The killer of an Ashland restaurant cook was a California man who'd run out of gas, but it may never be known what prompted the murder or the ensuing episode in which he fired a rifle at freeway traffic before an Eagle Point man ran him over.

The Jackson County Sheriff's Office identified Neal Brian Norman, 50, of Pacific Grove, California, as the shooter involved in the seemingly random homicide at Callahan's lodge and the chaotic incident that closed southbound Interstate 5 for hours near the California border.

Norman died on the freeway at the Oregon border, after motorist Thomas Bradley Moxon, 49, of Eagle Point ran him over in a quick-thinking reaction that Jackson County Sheriff Nathan Sickler called "very heroic."

“We’re thankful for that individual and his ability to act under pressure,” Sickler said Sunday evening. “I think he prevented other tragedy.”

The seemingly random acts of violence started when Norman ran out of gas, according to Sheriff's Sgt. Julie Denney.

Norman arrived at the lodge in his white 1999 Honda Accord, which had an empty fuel tank, Denney said. Norman first came into the lobby to use the phone, went back to his car for a rifle then went to the kitchen and fatally shot cook Ryan Paul Bagley, 40, of Ashland.

Norman left the lodge in Bagley's maroon 1993 Subaru Legacy wagon, drove about five miles from the lodge to Milepost 1 of southbound Interstate 5, positioned the car in the middle of the roadway facing oncoming traffic and got out of the vehicle with the rifle, according to Denney. He then apparently waited for traffic to approach.

Moxon fatally struck Norman with his gray 2015 Ram Crew Cab pickup, after Norman fired multiple times at the truck using a rifle. Norman's gunshots hit the vehicle at least three times, according to Denney. From the crime scene Saturday, the vehicle visibly leaked engine fluids and the driver-side front tire was shot.

Moxon and his juvenile son were the first ones to encounter Norman on the freeway. They called 911 at 6:54 a.m., according to Denney, as did other motorists.

Moxon interfered to keep his son safe, according to Sickler.
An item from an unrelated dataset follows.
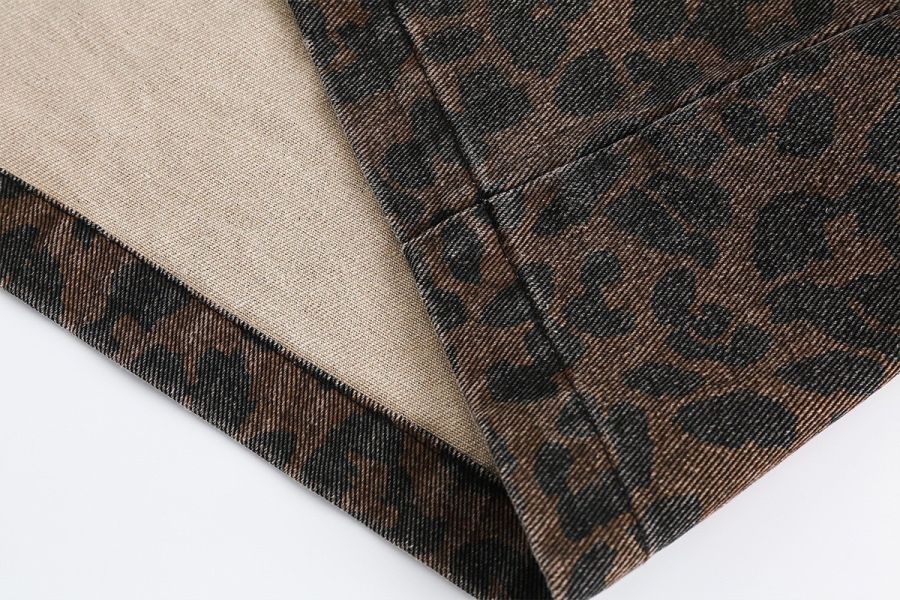 短板花豹紋外套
Though that type of interference can be traumatic, he commended Moxon for taking action.

“Those things can have an impact on one,” Sickler said. “We’re very thankful for that individual and his ability to do what he did.”
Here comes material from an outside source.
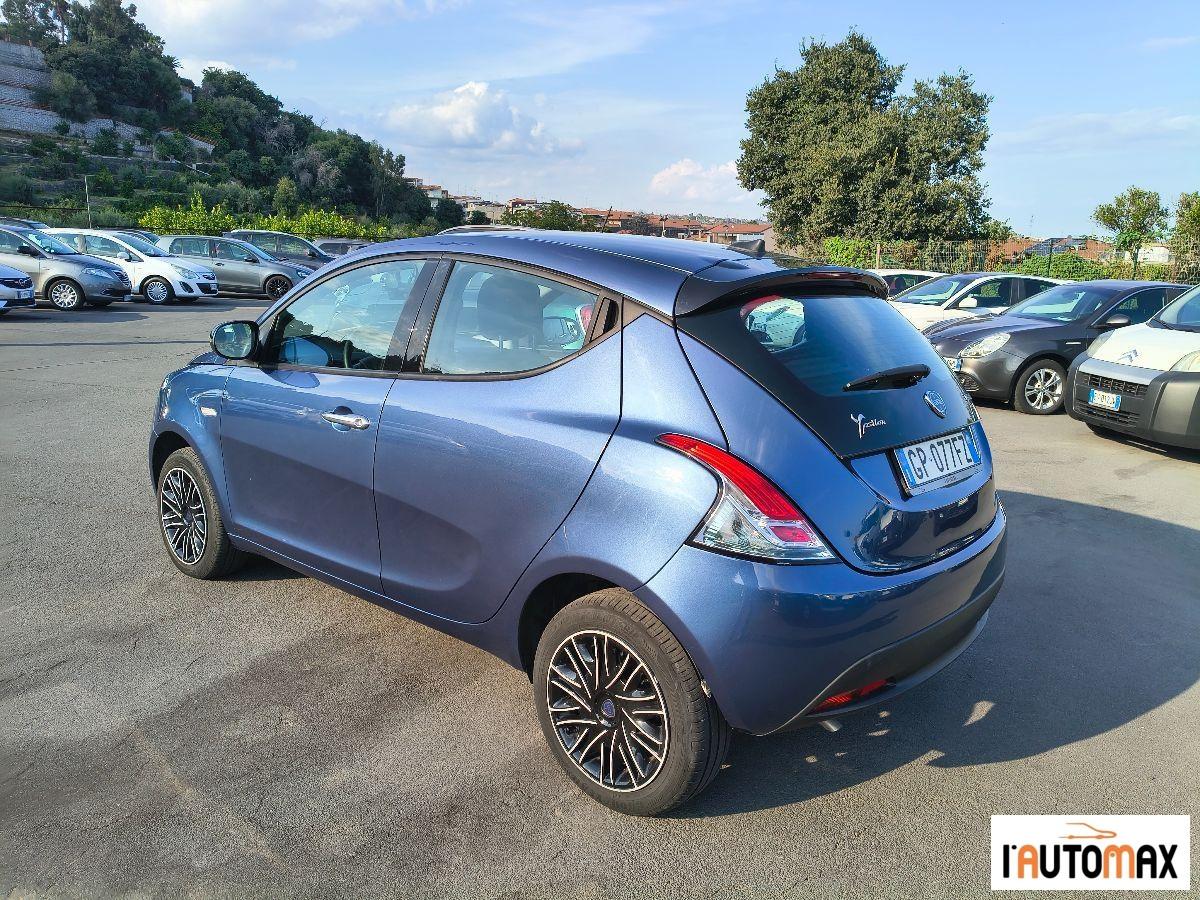 LANCIA - Ypsilon - 1.0 FireFly 5p. S&S Hybrid Oro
Sickler said the case is "completely random" and "just awful." Local police had never dealt with Norman before

Monterey County, California, criminal courts showed Norman had a very limited criminal history. Pacific Grove police issued a Norman a criminal citation only once, on Sept. 15, 1989. Details as to Norman's charges in that 1989 arrest were not immediately available Sunday. Norman has no criminal history in Oregon, Circuit Court records show.

“We don’t know exactly what he was thinking, obviously,” Denney said of Norman's final moments. Norman's family members told investigators that he had undiagnosed mental health problems, but his family was surprised at what Norman had done.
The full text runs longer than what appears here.